Task
Give back all of the data exactly.

(Saved entries)

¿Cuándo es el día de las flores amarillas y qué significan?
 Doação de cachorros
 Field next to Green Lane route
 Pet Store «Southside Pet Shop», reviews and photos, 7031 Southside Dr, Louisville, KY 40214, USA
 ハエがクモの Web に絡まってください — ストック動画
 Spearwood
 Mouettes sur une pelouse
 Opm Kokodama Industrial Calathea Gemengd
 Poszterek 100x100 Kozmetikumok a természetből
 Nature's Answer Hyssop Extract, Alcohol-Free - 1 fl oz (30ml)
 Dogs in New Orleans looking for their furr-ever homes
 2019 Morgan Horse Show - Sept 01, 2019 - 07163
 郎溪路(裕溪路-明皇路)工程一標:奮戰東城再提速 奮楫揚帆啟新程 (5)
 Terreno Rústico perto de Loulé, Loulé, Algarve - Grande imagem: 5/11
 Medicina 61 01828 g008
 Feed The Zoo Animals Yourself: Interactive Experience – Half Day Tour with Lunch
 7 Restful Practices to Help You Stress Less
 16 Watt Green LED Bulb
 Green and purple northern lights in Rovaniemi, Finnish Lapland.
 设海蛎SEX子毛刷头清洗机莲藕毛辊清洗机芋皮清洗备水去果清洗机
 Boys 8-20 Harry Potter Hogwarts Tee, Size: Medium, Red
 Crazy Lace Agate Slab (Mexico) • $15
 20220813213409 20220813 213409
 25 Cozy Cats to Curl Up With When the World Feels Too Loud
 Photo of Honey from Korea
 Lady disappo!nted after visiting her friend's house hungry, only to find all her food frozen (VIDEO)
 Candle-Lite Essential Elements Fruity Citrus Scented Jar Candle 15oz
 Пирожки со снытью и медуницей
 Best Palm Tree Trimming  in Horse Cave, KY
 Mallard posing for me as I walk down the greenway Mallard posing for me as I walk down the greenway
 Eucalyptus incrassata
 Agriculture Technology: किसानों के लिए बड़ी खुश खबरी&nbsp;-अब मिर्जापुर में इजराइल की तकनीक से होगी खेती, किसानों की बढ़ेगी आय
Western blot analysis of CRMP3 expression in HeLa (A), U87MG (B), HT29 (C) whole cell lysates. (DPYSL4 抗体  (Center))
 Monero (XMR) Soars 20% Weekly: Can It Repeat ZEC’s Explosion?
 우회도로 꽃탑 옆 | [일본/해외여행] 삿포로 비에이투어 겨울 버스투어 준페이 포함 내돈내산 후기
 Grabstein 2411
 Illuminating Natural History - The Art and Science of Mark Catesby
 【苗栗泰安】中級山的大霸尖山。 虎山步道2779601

The answer
¿Cuándo es el día de las flores amarillas y qué significan?
 Doação de cachorros
 Field next to Green Lane route
 Pet Store «Southside Pet Shop», reviews and photos, 7031 Southside Dr, Louisville, KY 40214, USA
 ハエがクモの Web に絡まってください — ストック動画
 Spearwood
 Mouettes sur une pelouse
 Opm Kokodama Industrial Calathea Gemengd
 Poszterek 100x100 Kozmetikumok a természetből
 Nature's Answer Hyssop Extract, Alcohol-Free - 1 fl oz (30ml)
 Dogs in New Orleans looking for their furr-ever homes
 2019 Morgan Horse Show - Sept 01, 2019 - 07163
 郎溪路(裕溪路-明皇路)工程一標:奮戰東城再提速 奮楫揚帆啟新程 (5)
 Terreno Rústico perto de Loulé, Loulé, Algarve - Grande imagem: 5/11
 Medicina 61 01828 g008
 Feed The Zoo Animals Yourself: Interactive Experience – Half Day Tour with Lunch
 7 Restful Practices to Help You Stress Less
 16 Watt Green LED Bulb
 Green and purple northern lights in Rovaniemi, Finnish Lapland.
 设海蛎SEX子毛刷头清洗机莲藕毛辊清洗机芋皮清洗备水去果清洗机
 Boys 8-20 Harry Potter Hogwarts Tee, Size: Medium, Red
 Crazy Lace Agate Slab (Mexico) • $15
 20220813213409 20220813 213409
 25 Cozy Cats to Curl Up With When the World Feels Too Loud
 Photo of Honey from Korea
 Lady disappo!nted after visiting her friend's house hungry, only to find all her food frozen (VIDEO)
 Candle-Lite Essential Elements Fruity Citrus Scented Jar Candle 15oz
 Пирожки со снытью и медуницей
 Best Palm Tree Trimming  in Horse Cave, KY
 Mallard posing for me as I walk down the greenway Mallard posing for me as I walk down the greenway
 Eucalyptus incrassata
 Agriculture Technology: किसानों के लिए बड़ी खुश खबरी&nbsp;-अब मिर्जापुर में इजराइल की तकनीक से होगी खेती, किसानों की बढ़ेगी आय
Western blot analysis of CRMP3 expression in HeLa (A), U87MG (B), HT29 (C) whole cell lysates. (DPYSL4 抗体  (Center))
 Monero (XMR) Soars 20% Weekly: Can It Repeat ZEC’s Explosion?
 우회도로 꽃탑 옆 | [일본/해외여행] 삿포로 비에이투어 겨울 버스투어 준페이 포함 내돈내산 후기
 Grabstein 2411
 Illuminating Natural History - The Art and Science of Mark Catesby
 【苗栗泰安】中級山的大霸尖山。 虎山步道2779601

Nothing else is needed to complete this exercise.